Seanad debates

Tuesday, 18 February 2003

Capital Acquisitions Tax Consolidation Bill 2002: Report and Final Stages.

 

2:30 pm

Derek McDowell (Labour)

My apologies for being late. I want to make a few general remarks about capital acquisition tax. They may came from a somewhat more nuanced perspective than others. Two or three years ago, during a break in the Committee Stage debate on the Finance Bill, the Minister turned to me and said he did not really understand why we were having the debate because he did not believe in inheritance tax and Deputy McDowell – as I then was – did not believe in inheritance. In a sense he was right, at least on the fundamental level.

The current Minister does not believe that we should, as he sees it, double tax people's income. He thinks that once they have earned something, they are entitled to do with it as they wish, be it endow their children or whatever else. My view is that inheritance is the way by which privilege and ownership of property cascade through the generations and effectively our class based system is maintained. Over time both of us have accommodated ourselves to various realities which has brought us closer than the distance between those two extremes.

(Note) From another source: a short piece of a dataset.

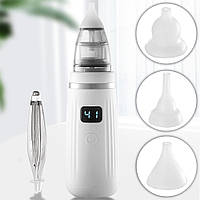 Дитячий аспіратор для носа 2в1, USB-C, LED-дисплей, BABY NOSE DS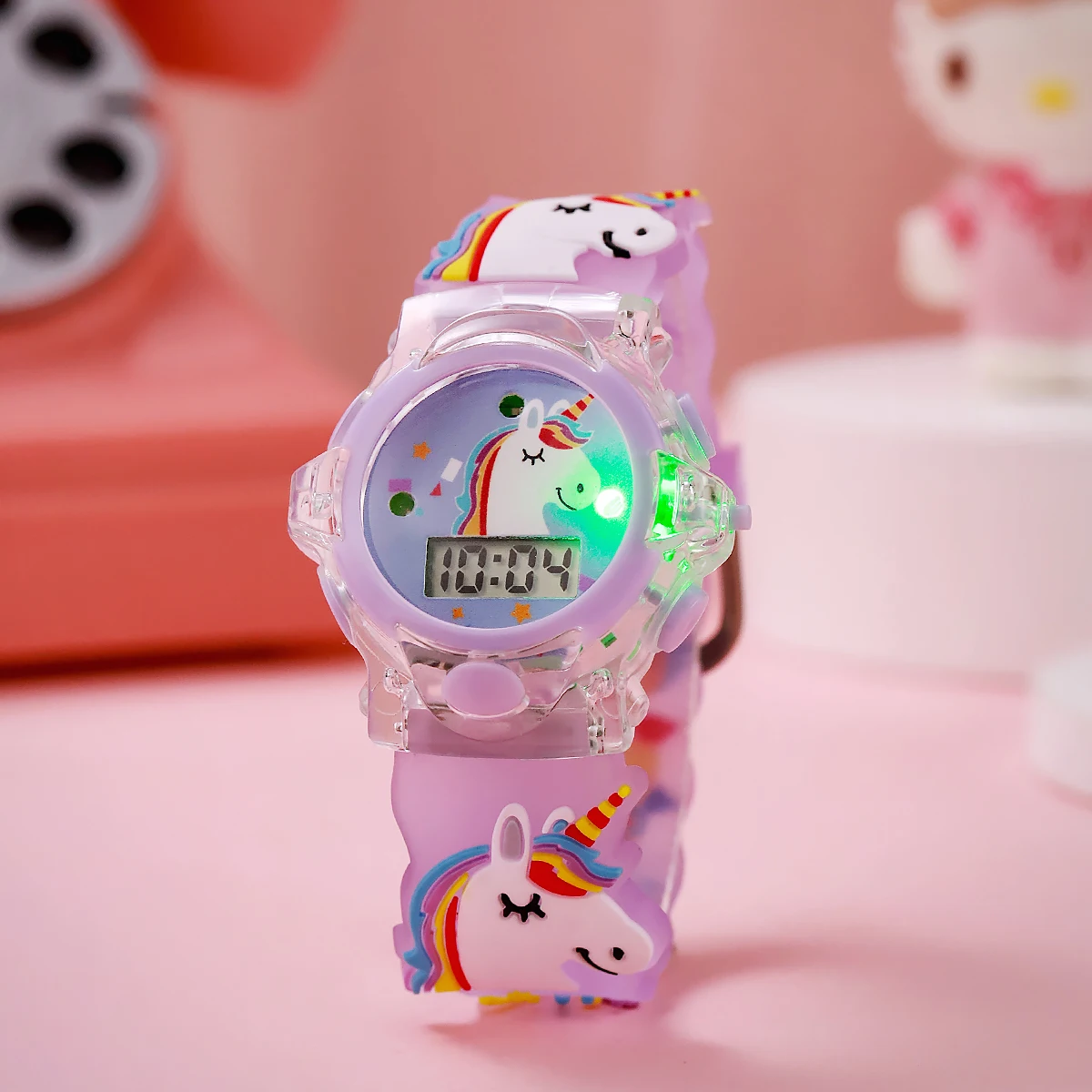 ساعة متوهجة بنمط حفلة وحيد القرن كرتونية لطيفة للأطفال، مناسبة للارتداء اليومي وهدايا المهرجانات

I now accept that those who earn money, build up wealth and accumulate property expect, at least in part, to be able to pass it on to their children. I assume that at this stage the Minister accepts that there should be some contribution to the Exchequer from inheritance or capital acquisitions. While we disagree on matters of less fundamental principle, there are still very significant differences between the view of the Government and mine. I believe agricultural relief to be excessive, to say the least, but accept that this is of long standing and the Minister is not the one responsible for its introduction.

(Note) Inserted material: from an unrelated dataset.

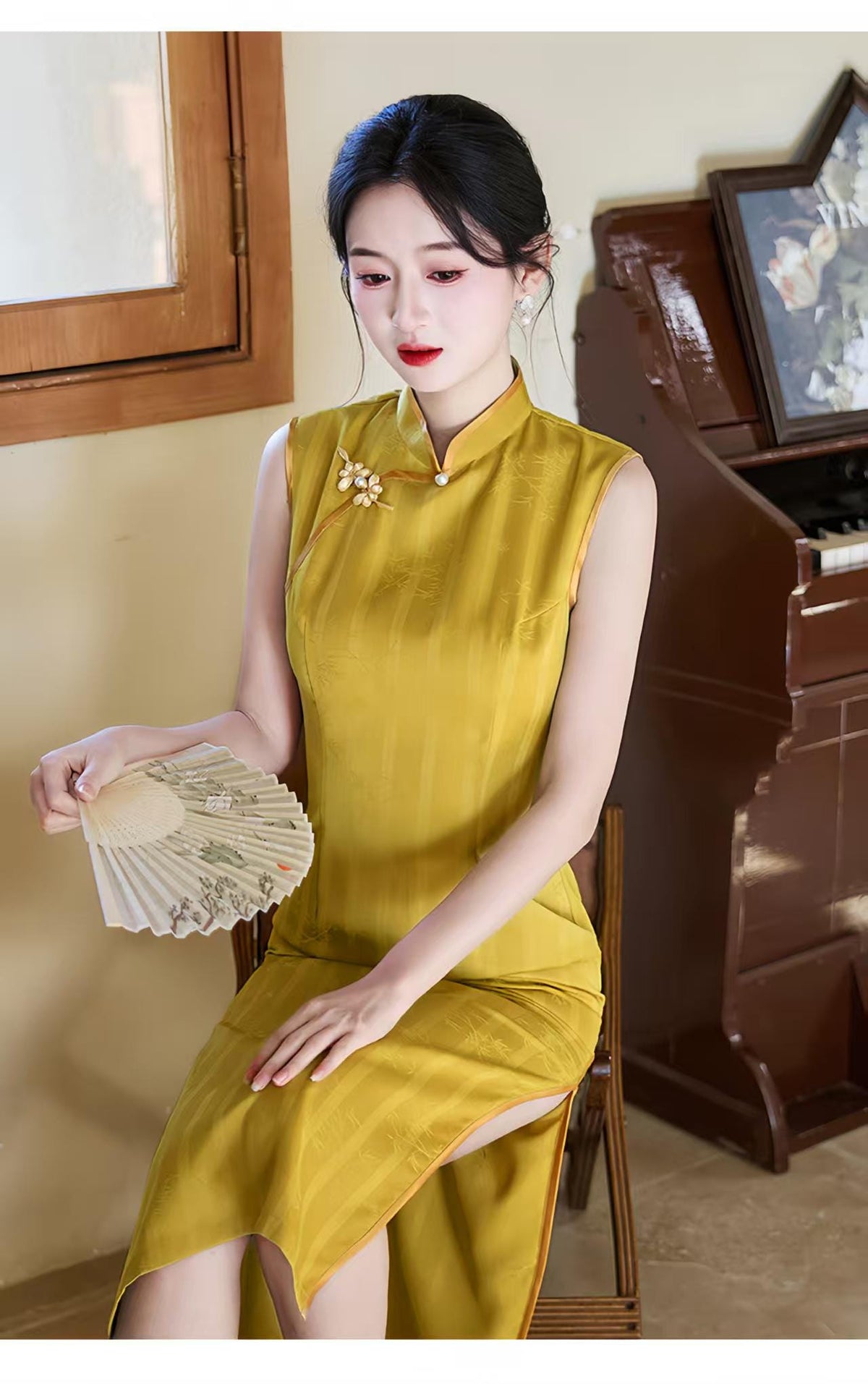 Women's Gold Vintage Qipao Cheongsam Dress – Jacquard Fitted – additional product view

We need to widen the gap between gift tax and inheritance tax. In dealing with business and property generally, particularly economic assets such as farms, we should be actively seeking to encourage people to gift them to children at an earlier stage. If it is done before death, they can be used, in most cases, more productively than they might otherwise have been. We need to look again at the provision by which children can now inherit several hundred thousand euro in addition to the family home if they have been living there, which amounts to a great deal before tax becomes payable. We should also look at the provision whereby spouses can inherit anything at all. This should be limited to assets and property, of which the couple had enjoyment in common in order that business or economic assets would not benefit from the exemption.